When I was writing The Stolen Crown, a novel about the twelfth century civil war between Stephen and Matilda known as ‘The Anarchy’, the most exciting episodes to write were those of pursuit and escape. Maud had three exceptionally hairy escapes during the novel. But first a little about Empress Maud’s background and how her crown came to be stolen.
The novel opens when Matilda, Maud in the novel, following the death of her husband, The Holy Roman Emperor, was recalled from Germany by her father, Henry I. Henry demanded the nobles and prelates of England swear an oath in Westminster Hall to accept Matilda as his heir and their queen after his death. Maud was furious because shortly after this he married her to fifteen year old, arrogant, red-headed Geoffrey of Anjou. Initially, their marriage only lasted a year and she angrily returned to England. The King and his council persuaded them to try again. They did and, this time, Geoffrey and Matilda had three sons in quick succession. The eldest eventually would become Henry II.
On Maud’s father’s death in 1135, Stephen of Blois seized the throne. He was supported by nobles and prelates who did not want a female ruler; nor did they want Geoffrey of Anjou as her consort and potential king. Stephen of Blois was Henry’s nephew, her cousin, the son of King Henry’s sister Adela. William the Conqueror was their mutual grandfather. Maud was unable to challenge Stephen’s kingship until 1139 when her loyal illegitimate brother, one of Henry’s nineteen illegitimate offspring, Robert of Gloucester, helped her to slip into Arundel on the south coast with only a few knights. Amazingly, Stephen did not capture her at Arundel nor did he send her away. Instead, she was escorted by his brother, Bishop Henry of Winchester, to Bristol where she and her half-brother began to recruit their army.
Her story becomes thrilling. It involves three perilous escapes. The first of these occurs as she is about to be crowned queen in Westminster, Robert of Gloucester having defeated and captured Stephen at the Battle of Lincoln. She now was in a position to claim her throne. Stephen was her prisoner. It was Midsummer’s Eve. Maud would be crowned Queen Matilda on Midsummer Day. However, London merchants did not support her because she had immediately increased their taxes. They claimed she was arrogant, acting like a man, deepening her voice as well as upsetting advisors close to her, including her half-brother, Robert and the Bishop of Winchester who had temporarily switched sides to support her. She simply would not take advice. Henry of Winchester changed sides back to Stephen again. Her enemies including the Bishop were supported by Stephen’s queen, Matilda of Boulogne who raised an army in her stronghold, Kent. That eve, an army of Londoners came storming out of the City gates to the Palace of Westminster. Maud narrowly escaped to Oxford.

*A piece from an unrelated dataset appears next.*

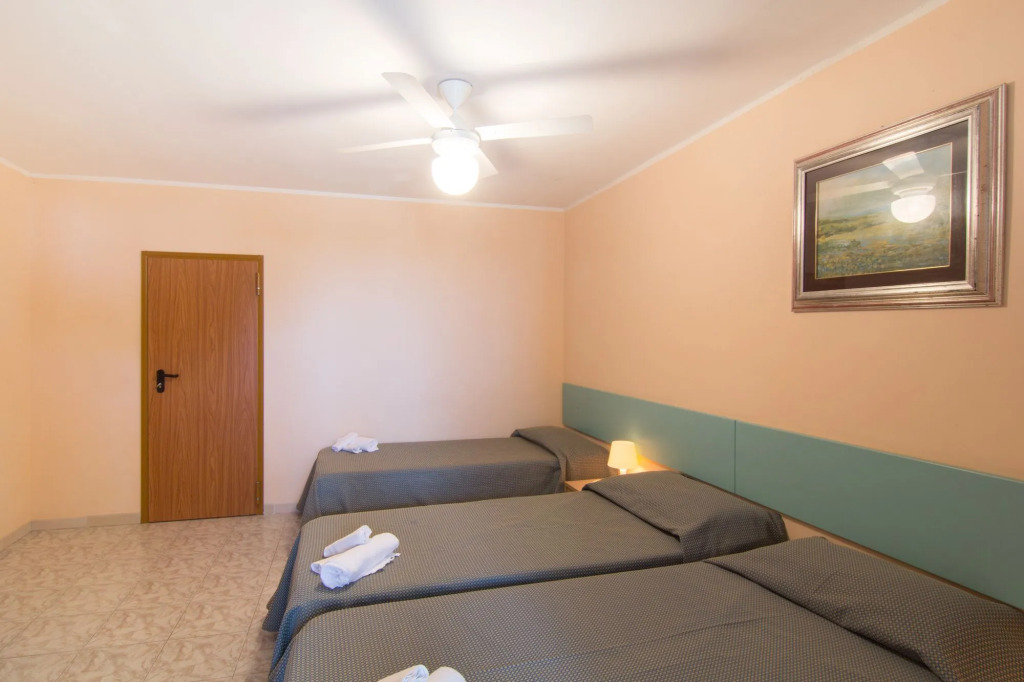 Racar Hotel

The second escape occurs when Maud becomes involved in a double siege at Winchester only a few months later. Her supporters led by Robert of Gloucester, Miles of Hereford and Brien Fitz Count attacked the Bishop of Winchester’s new castle from Maud’s castle by Winchester’s west gate. The Bishop escaped but Maud was threatened by the approaching army led by Stephen’s queen. It was a double siege. This time, she escaped by the skin of her teeth protected by Brien Fitz Count. Earl Robert was captured. He was exchanged for Stephen who once released sat upon the throne once again.

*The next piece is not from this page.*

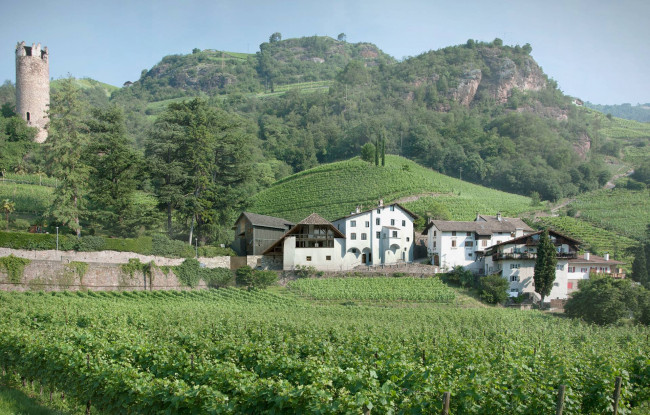Stilvolle 3-Zimmer-Wohnung mit Balkon, zwei Garagen und Pool in den Weinbergen von Bozen Gries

Maud held the south west as far east as Oxford and Wallingford. She even had her own coin minted. She was in great danger again as she took up residence in Oxford Castle. Her last escape was from Oxford Castle where she was besieged by Stephen during mid-winter 1142. After three months, it was a desperate situation. The castle was surrounded by Stephen’s troops and they were running out of food. To save her people and, indeed, herself, Maud escaped by darkness during a heavy December snow storm. Read the novel to find out more because it’s an extraordinary escape. Maud climbed out of the postern gateway on a rope ladder. She was in disguise wearing a cloak of white sheets, a camouflage, as she crossed a frozen millstream and passed close to Stephen’s camp. She walked with two companions along the frozen River Thames to Abingdon and from Abingdon Abbey by horse to Wallingford. Maud was extraordinary, determined and resolute. Safe for now, she would win her crown… or would she?